“Pero también tenían que confiar entre ellos. Rema, ocupada en los quehaceres de adentro, sabía bien lo que pasaba en la planta baja y arriba. Otras veces eran los chicos que traían la noticia al Nene o a Luis. No porque vieran nada, pero si don Roberto los encontraba afuera les marcaba el paradero del tigre y ellos volvían a avisar.”
Julio Cortázar, Bestiario.
Cada noche, hacia las nueve y media, cuando se ha terminado la sopa y los dientes están lavados, el pijama puesto, el uniforme preparado sobre un sillón, mamá les da las buenas noches, ellos la besan y rezan un rato, como les han enseñado, y después esperan a que ella apague la luz.
Cuando ambos están seguros de que ya no va a volver, la niña sale de su cama y se dirige hacia la de su hermano.
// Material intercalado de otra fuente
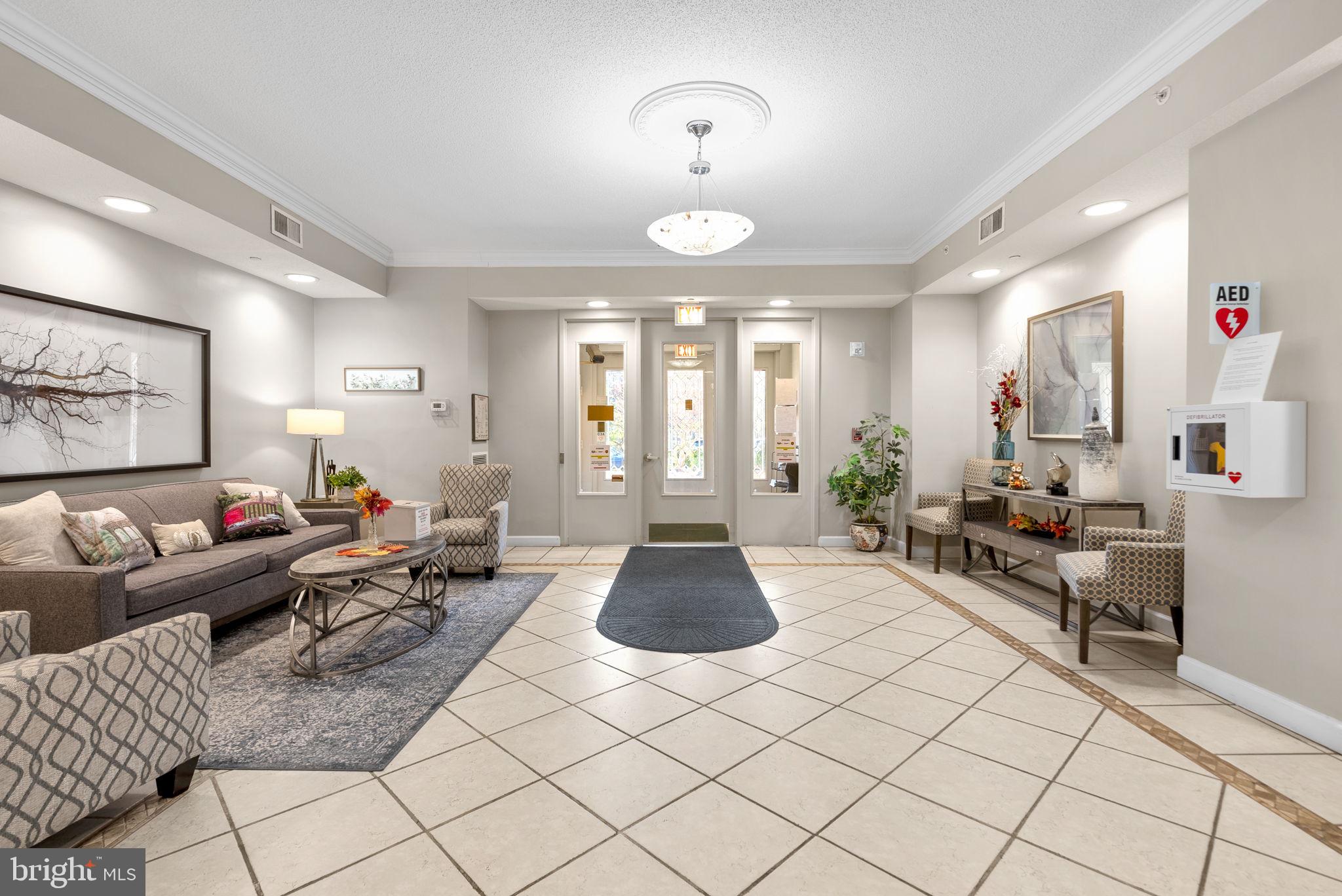 TURNBERRY COURTS AT LEIS - Residential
Después, esconde la cabeza bajo el edredón. Todas las noches ocurre lo mismo, y todas, todas, ella lo vuelve a sentir.
–Tengo miedo –dice.
Y su hermano contesta:
–Lo sé. No pasa nada. Lo sé.
Entonces un brazo rodea su cuerpo, una mano le acaricia el pelo, una pierna le hace cosquillas en los pies. Y ella se cuestiona, cada noche lo hace, si de verdad ese que está ahí es su hermano, si no será otra cosa, otro a quien temer.
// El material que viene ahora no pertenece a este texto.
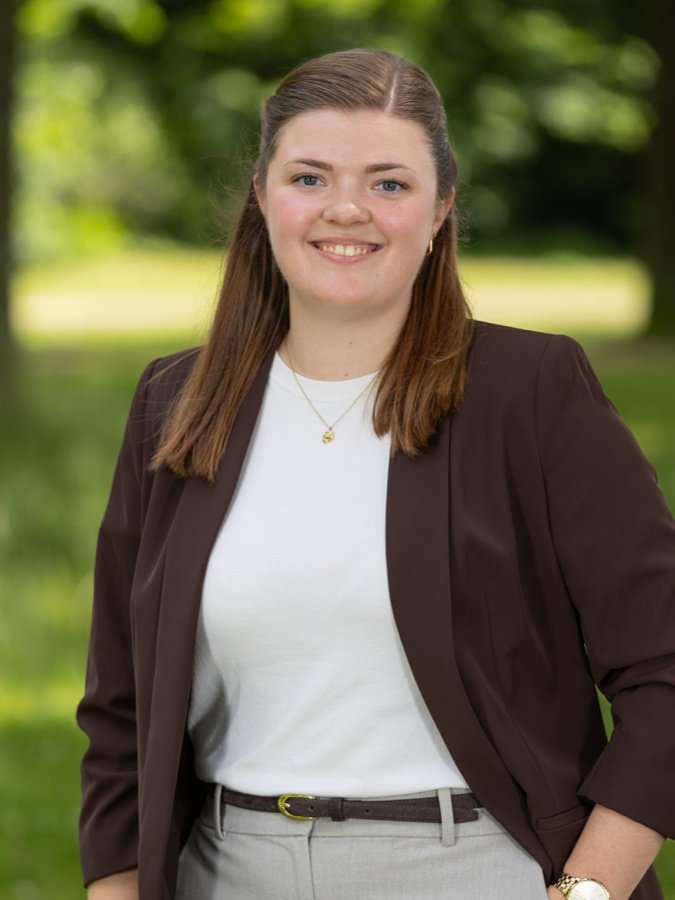 Sonja Stevens im Grünen – Bild aus ihrem Vorstellungspost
Por la mañana, durante el desayuno, pregunta:
–¿Vosotros creéis en los monstruos?
El hermano se burla de ella. La madre dice que sí.
–Pero están lejos –jura. –Todos. No pueden llegar hasta aquí.
Ella no la cree.
Durante todo el día se arrastra cansada, es incapaz de atender en clase, la profesora le pide la tarea y ella dice que no la pudo hacer.
Después la tarde cae de nuevo, el hermano y ella cenan en silencio, se lavan los dientes, las manos, es hora de ir a dormir.
Con las luces apagadas, enterrados ambos bajo la misma manta, esta vez se atreve. Se lo dice a él:
–¿Cómo sé que eres tú? –Pregunta. –Si no te puedo ver.
En el silencio de la noche, ella sabe que él sonríe.
–¿Alguien más sabe que en primero robaste a mamá su pañuelo y el perfume aquél?
La niña niega con la cabeza, en silencio, pero no se acaba de fiar.
El hermano vuelve a intentarlo. Pero esta vez:
–A mí también me da miedo. Mamá está mejor sin él.
Ella se sienta en la cama. Abre los ojos cuanto puede, pregunta:
–¿De verdad lo crees?
Porque la ha visto llorar por las noches, sola, y sabe que está asustada, a veces se encierra en el baño para que no la puedan ver.
–En casa está tranquila.
–Pues yo la veo asustada. Y tengo miedo de vivir sin él.
El hermano también se incorpora. Tantea con la mano el cajón de su mesita de noche. Encuentra una linterna. Después se hace la luz.
–No lo estarás diciendo en serio.
–Al menos él nos protegía, estaban enamorados. Ahora ya no sé.
Él sale de la cama, se acerca a la ventana y mira hacia el exterior.
–Me alegro de que se largara. Y de que no pueda venir. No era amor. Mamá me lo ha explicado bien. Cuando tenga una mujer, te juro que no seré como él.
–Pero y si vienen los monstruos.
–¿Qué monstruos? De lo que hay que tener miedo es de que ella le deje volver.